Automatic speech recognition (ASR) technology is widely used for various applications like conference calls, video transcription, and voice commands. One area of ASR that shows promise is audiovisual ASR (AV-ASR), which combines both audio and visual information. However, the lack of visible mouth movements in videos makes it challenging to effectively use visual cues for speech recognition. This has led to the emergence of unconstrained AV-ASR, which explores the contribution of entire visual frames.
Creating datasets for training AV-ASR models is difficult, as existing datasets are small and models tend to overfit on them. On the other hand, audio-only models have been optimized using large-scale training on massive audio data. In our research, we propose AVFormer, a method for augmenting large-scale audio-only models with visual information. We use lightweight adaptable modules to inject visual embeddings into a frozen ASR model. These modules can be trained on a small amount of weakly labeled video data with minimal additional training time and parameters.

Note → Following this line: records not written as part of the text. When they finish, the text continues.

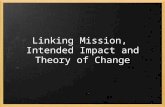 Linking Mission Intended Impact and Theory Of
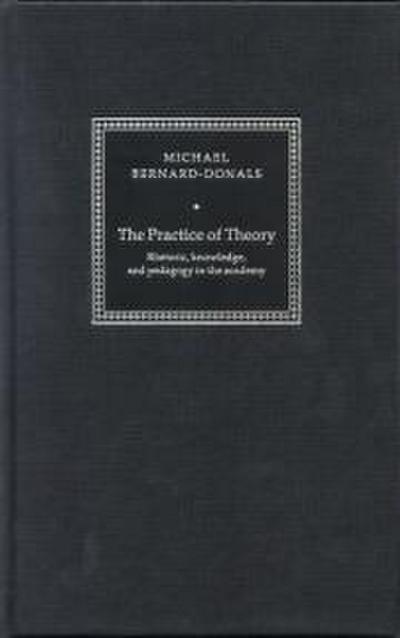 The Practice of Theory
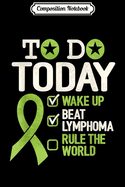 Composition Notebook: Lymphoma Cancer Fighter To Do Wake Up Beat Lymphoma Journal/Notebook Blank Lined Ruled 6x9 100 Pages
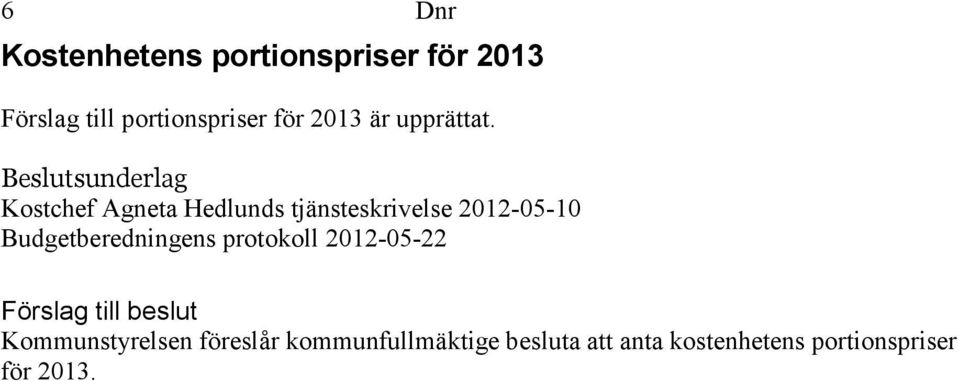 Kostchef Agneta Hedlunds tjänsteskrivelse 2012-05-10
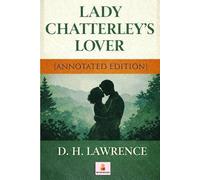 Lady Chatterley’s Lover: [Annotated Edition]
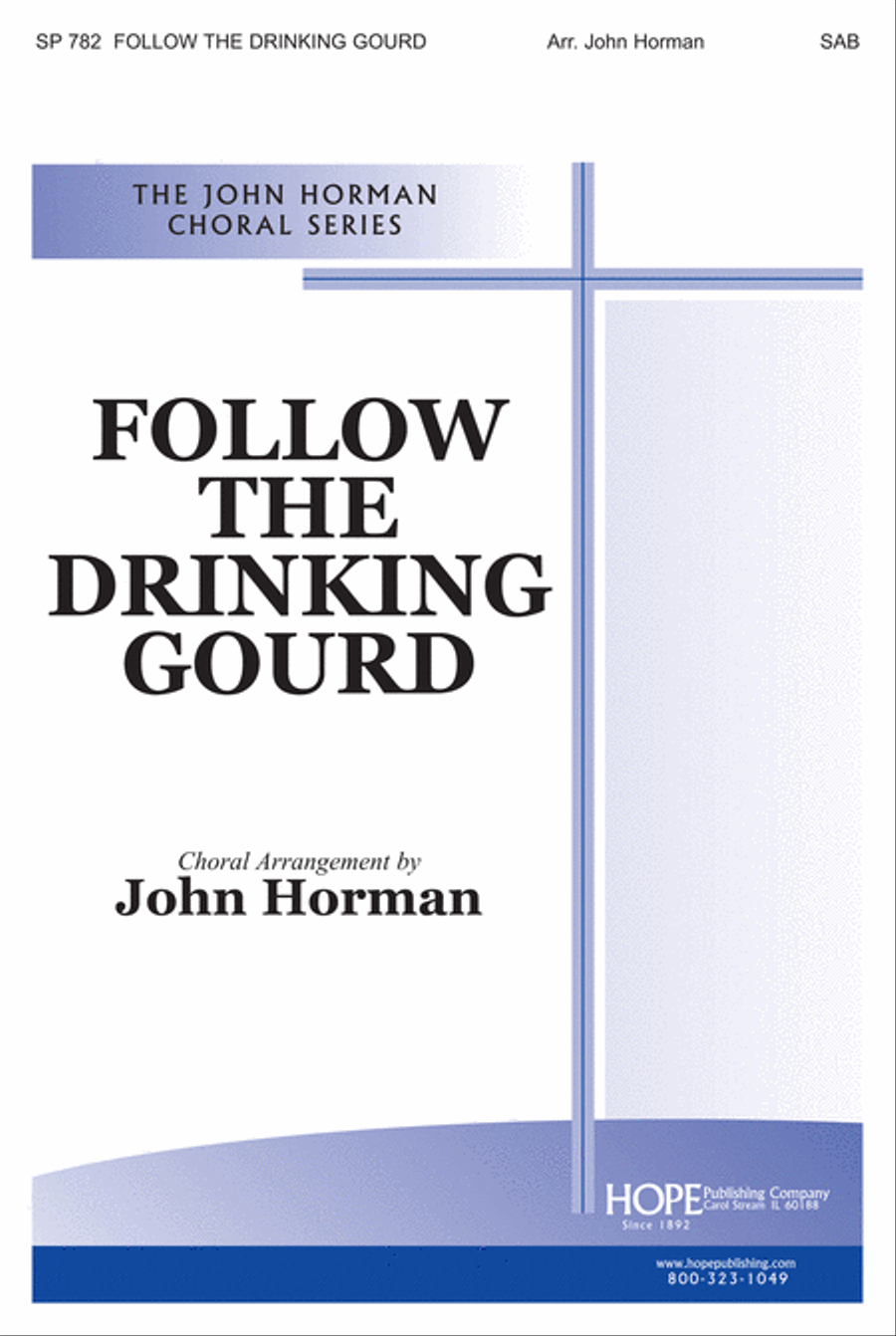 Follow the Drinking Gourd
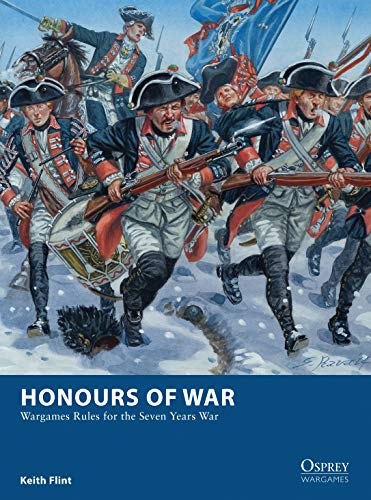 Honours of War: Wargames Rules for the Seven Years’ War: 11 (Osprey Wargames)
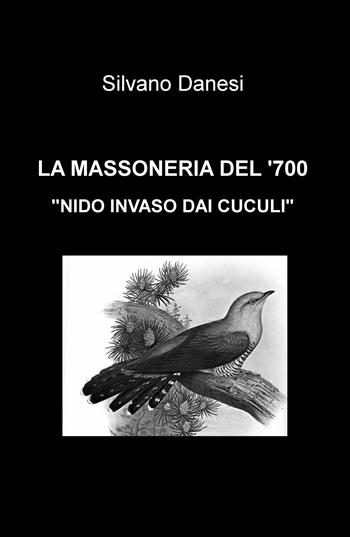 La massoneria del '700. «Nido invaso dai cuculi» - Silvano Danesi - Libro ilmiolibro self publishing 2018, La community di ilmiolibro.it | Libraccio.it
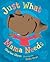 Just What Mama Needs by Sharlee Mullins Glenn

To ensure effective processing of both audio and visual information, we introduce a curriculum scheme during training. This scheme allows the model to learn adapters for domain adaptation and visual projection layers sequentially. We apply each phase only once to prevent performance degradation.
Our AVFormer model achieves state-of-the-art zero-shot performance on three AV-ASR benchmarks: How2, VisSpeech, and Ego4D. It also maintains decent performance on traditional audio-only benchmarks like LibriSpeech. Compared to existing models, AVFormer requires significantly fewer parameters and smaller training datasets while achieving better performance.
In conclusion, AVFormer is a practical and efficient method for adapting existing ASR models for AV-ASR. It allows for domain transfer and mixing of visual inputs in a parameter-efficient manner.